Actually my question is more "Why have they implemented this?"

Unclear, but this does seem to be an industry-wide trend. This site claims that iTunes and Spotify already do this. PRSS (the Public Radio Satellite System) is rolling out LUFS in their system, in an attempt to make levels more consistent throughout programming.

And if you’ve spotted the big problem with the way it works, you know it needs to be discussed.

The coyness in this post is a little bit annoying but I'm guessing what he's talking about is what I mentioned above - it's just level riding. There's no actual change in audio content, so all of the songs are still massively compressed. They're just being turned down. The benefit of using LUFS as a measuring stick is that in the long-term, heavy-handed mastering becomes ineffective, and more dynamic songs should win out in terms of audio quality and listenability. Which will theoretically lead to a glorious golden age of lovely-sounding uncompressed music. I guess we'll see about that.
posted by god hates math at 4:08 AM on March 18, 2015 [7 favorites]


If you want to know something *really* awful, I've noticed a lot of posters are uploading ripped music to YouTube where they have changed the pitch, or slightly "speeded up" the song, in order to evade content/copyright checkers.

I think you're talking about nightcore. It does help with the automatic copyright evasion, but that was not the main motivation in its inception. It's a stylistic choice, too, a kind of style of remixing which started out as a subgenre of trance. It's totally legit. And yes, awful.
posted by procrastinator at 4:13 AM on March 18, 2015 [2 favorites]


It's loud enough to knock stuff off shelves 15 feet away.
Is that not turning you deaf?
posted by bonaldi at 4:48 AM on March 18, 2015


After however many years I've been here, I've only just noticed that the mobile layout doesn't have the tags on it. I feel cheated even though I've never missed them...

If you're in the modern theme they're down below the comments.
posted by ocherdraco at 4:50 AM on March 18, 2015


>> It's loud enough to knock stuff off shelves 15 feet away.
> Is that not turning you deaf?

What? Eh? Speak up, can't you?
posted by RedOrGreen at 7:43 AM on March 18, 2015


It had some kind of severe limiter on the built-in mic input, and it made surprisingly clear recordings.

I used to have a cheap 80's Sanyo slim box to record jams. Sounded great. I loved that thing. Best sleeper audio gear evah.
posted by ovvl at 8:46 AM on March 18, 2015


I don't see how this is any sort of victory in the loudness war. Quite the opposite. It looks like songs that are already maxed out in loudness, clipped, and mutilated, are now being reprocessed to make them "quieter" which you could really only do by reducing the dynamic range even more. So if the loudness war is over, it's not because of YouTube postprocessing, it's because everyone went deaf.
posted by charlie don't surf at 9:01 AM on March 18, 2015 [3 favorites]


charlie don't surf: I don't see how this is any sort of victory in the loudness war.

god hates math: The benefit of using LUFS as a measuring stick is that in the long-term, heavy-handed mastering becomes ineffective, and more dynamic songs should win out in terms of audio quality and listenability. Which will theoretically lead to a glorious golden age of lovely-sounding uncompressed music. I guess we'll see about that.

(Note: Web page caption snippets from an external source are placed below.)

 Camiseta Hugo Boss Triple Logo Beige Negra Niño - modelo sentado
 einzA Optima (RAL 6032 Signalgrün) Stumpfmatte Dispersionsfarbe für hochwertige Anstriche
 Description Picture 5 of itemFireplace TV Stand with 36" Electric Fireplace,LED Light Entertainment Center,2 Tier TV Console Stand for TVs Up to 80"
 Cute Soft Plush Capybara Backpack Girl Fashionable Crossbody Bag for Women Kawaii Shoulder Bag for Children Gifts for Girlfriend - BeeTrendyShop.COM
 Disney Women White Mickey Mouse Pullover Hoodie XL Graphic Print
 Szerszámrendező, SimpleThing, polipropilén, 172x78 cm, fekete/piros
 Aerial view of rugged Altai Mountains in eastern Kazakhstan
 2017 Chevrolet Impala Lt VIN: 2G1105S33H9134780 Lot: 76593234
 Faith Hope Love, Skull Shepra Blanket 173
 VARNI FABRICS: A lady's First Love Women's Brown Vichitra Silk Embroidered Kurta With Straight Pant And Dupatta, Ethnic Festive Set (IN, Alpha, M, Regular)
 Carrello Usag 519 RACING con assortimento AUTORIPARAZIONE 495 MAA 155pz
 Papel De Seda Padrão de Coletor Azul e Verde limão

It's about what could happen, if digital audio mastering is done with YouTube as the destination, not shitty car radios and walkmen/portable CD players/cell phones amped up to 11, which is the justification for maximizing loudness in the first place (supposedly).

For a visual take on what has happened, see this snapshot of adjustments over time (Michael Jackson's "Black or White" as mastered in 1991, then remastered in 1995 and 2007; source).

If you're interested in how albums in your collection stack up, here's a Dynamic Range Database.
posted by filthy light thief at 9:14 AM on March 18, 2015 [1 favorite]


This is really interesting, as I have been researching and trying to find a way to help my organization (Public Access) teach audio engineering for video (broadcast and internet streaming).

The fact that there is a ton of post-processing being done to the audio levels makes getting the audio right to begin with extremely important, but also makes it so much more complicated.

The big thing I am fighting with is the very narrow dynamic range that most video broadcast specs delineate. For the most part, what I have found is that for most video production, the dynamic range is only about 20 dB, with a floor of -30dB and a peak of -10dB. The reasons for this seem to have no concrete answer, but my speculation is that by having a limited dynamic range, it forces (or allows) the content creator (or more specifically, the content distributor) to have the audio stay within a narrow range so that there are no massive jumps in the audio levels. Of course, this also means that you have to have several different versions of your video, depending on what medium you intend it to be viewed on.

One recent example I came across:
"The Devil Wears Prada" on HBA Go. My partner and I were watching this the other night, and we had to turn the volume WAY up in order to understand any of the dialogue. But then any time there was music (and there is a lot of music in that movie), it would be SO FUCKING LOUD that it scared our cats. The dynamic range that the movie was apparently mixed to would probably be fine in a theater, but on a television, hooked up to a home theater sound system, it was almost unbearable. I try to use this as an example anytime someone asks me about why we have much stricter dynamic range limits than say, a movie meant for theaters, or an online video (which tends to have a much higher peak level than broadcast video).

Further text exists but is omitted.